Go, Containers, and the Linux Scheduler

Like many Go developers my applications are usually deployed in containers. When running in container orchestrators it’s important to set CPU limits to ensure that the container doesn’t consume all the CPU on the host. However, the Go runtime is not aware of the CPU limits set on the container and will happily use all the CPU available. This has bitten me in the past, leading to high latency, in this blog I’ll explain what is going on and how to fix it.

How the Go Garbage Collector works

This is going to be a pretty high level overview of the Go Garbage Collector (GC). For a more in depth overview I recommend reading the go docs and this excellent series of blogs by Will Kennedy.

The vast majority of the time the Go runtime performs garbage collection concurrently with the execution of your program. This means that the GC is running at the same time as your program. However, there are two points in the GC process where the Go runtime needs to stop every Goroutine. This is required to ensure data integrity. Before the Mark Phase of the GC the runtime stops every Goroutine to apply the write barrier, this ensures no objects created after this point are garbage collected. This phase is known as Sweep Termination. After the mark phase has finished there is another stop the world phase, this is known as Mark Termination and the same process happens to remove the write barrier. These usually takes in the order of tens of microseconds.

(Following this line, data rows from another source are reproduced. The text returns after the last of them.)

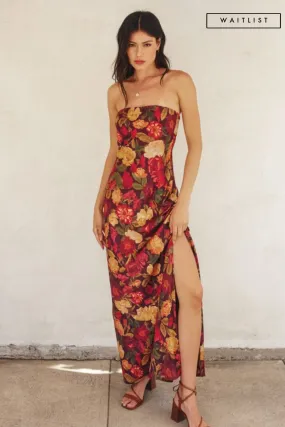 Waitlist 11/27 ♥ Stella Sleeveless Floral Print Maxi Dress Burgundy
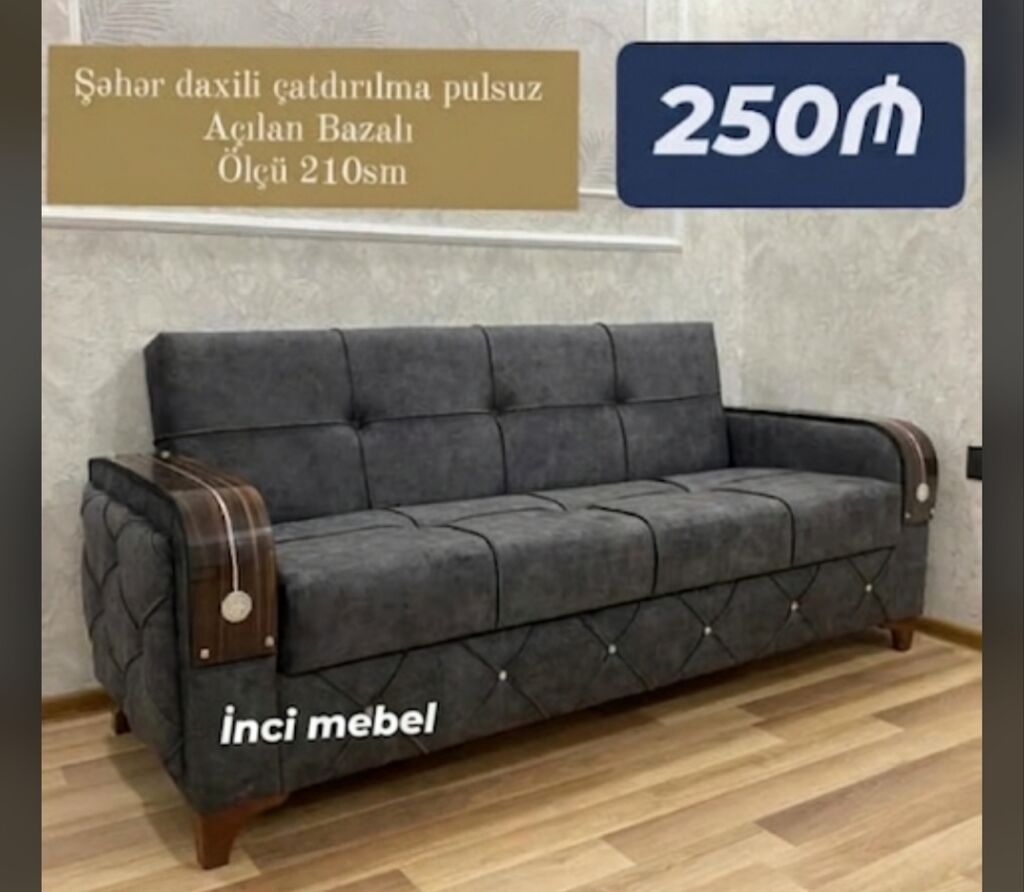 Açılan bazalı divan, 210 sm, parça üzlük - 1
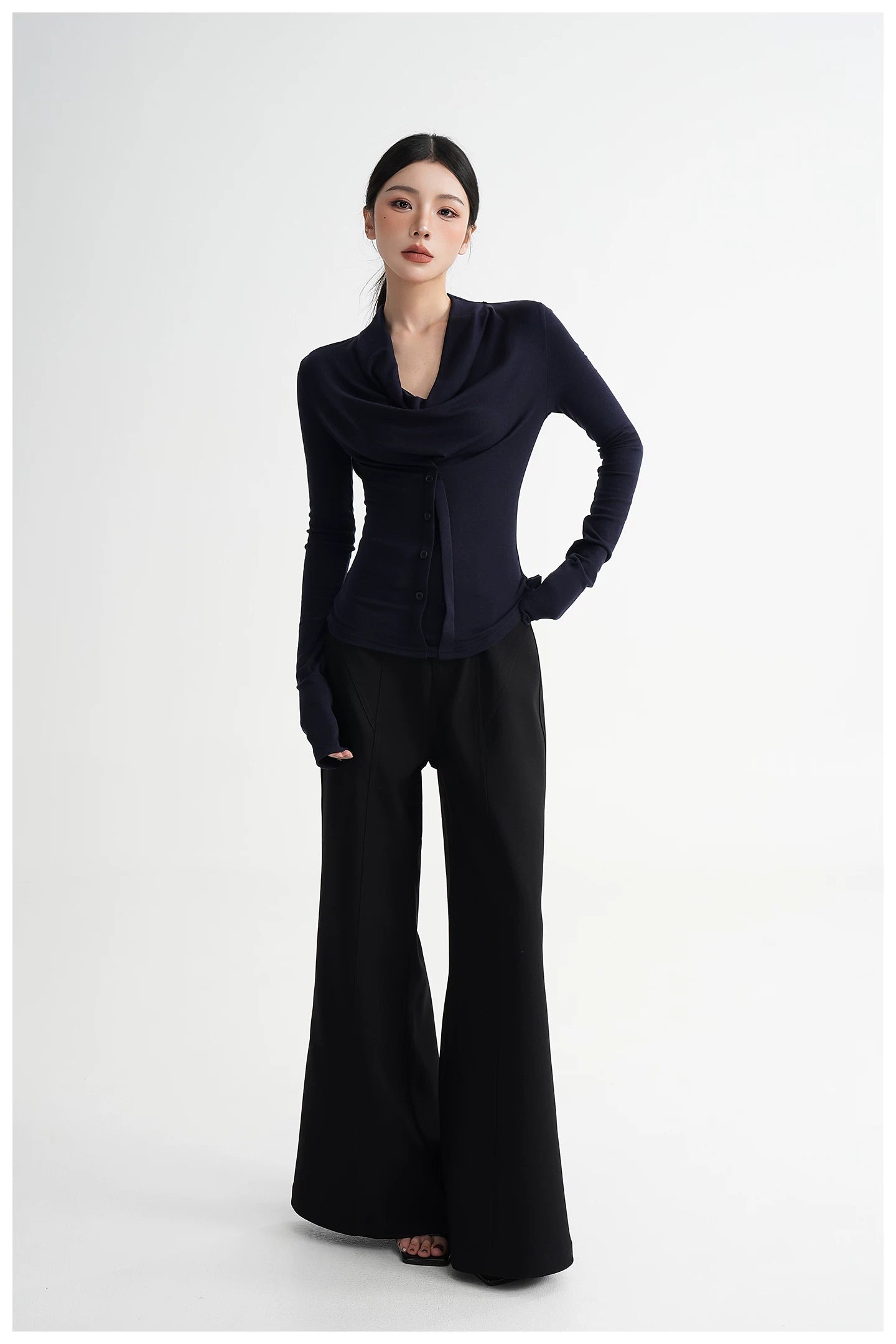 Neck Off-Shoulder Fitted Long Sleeve T-Shirt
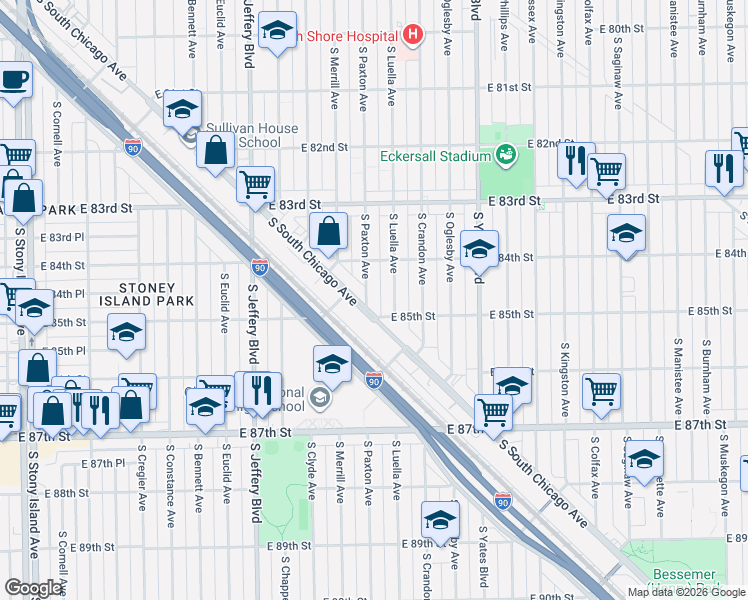 map of restaurants, bars, coffee shops, grocery stores, and more near 8416 South Luella Avenue in Chicago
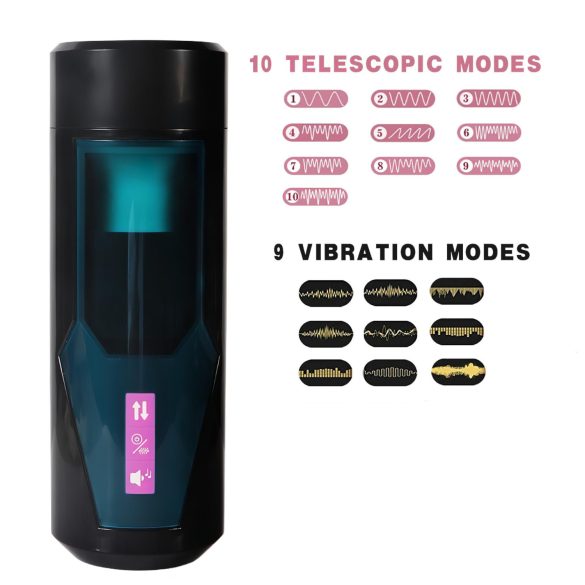 Lonely - avtomatski masturbator z zvočnimi efekti - črn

I created a simple web application that allocates a lot of memory and ran it in a container with a limit of 4 CPU cores with the following command.The Source code for this is available here.

docker run --cpus=4 -p 8080:8080 $(ko build -L main.go)

It’s worth noting the docker CPU limit is a hard limit. You can set --cpu-shares meaning it’s only enforced when the host is CPU constrained. This means that the container can use more than allocated CPU cores if the host has spare capacity. But if the host is constrained then your application will be limited

You can collect a trace using the runtime/trace package then analyze it with go tool trace. The following trace shows a GC cycle captured on my machine. You can see the Sweep Termination and the Mark Termination stop the world phase on Proc 5 (They’re labelled STW for stop the world).

GC Trace

This GC cycle took just under 2.5ms, but we spent almost 10% of that in a stop the world phase. This is a pretty significant amount of time, especially if you are running a latency sensitive application.

The Linux Scheduler

The Completely Fair Scheduler (CFS) was introduced in Linux 2.6.23 and was the default Scheduler until Linux 6.6 which was released last week. It’s likely you’re using the CFS.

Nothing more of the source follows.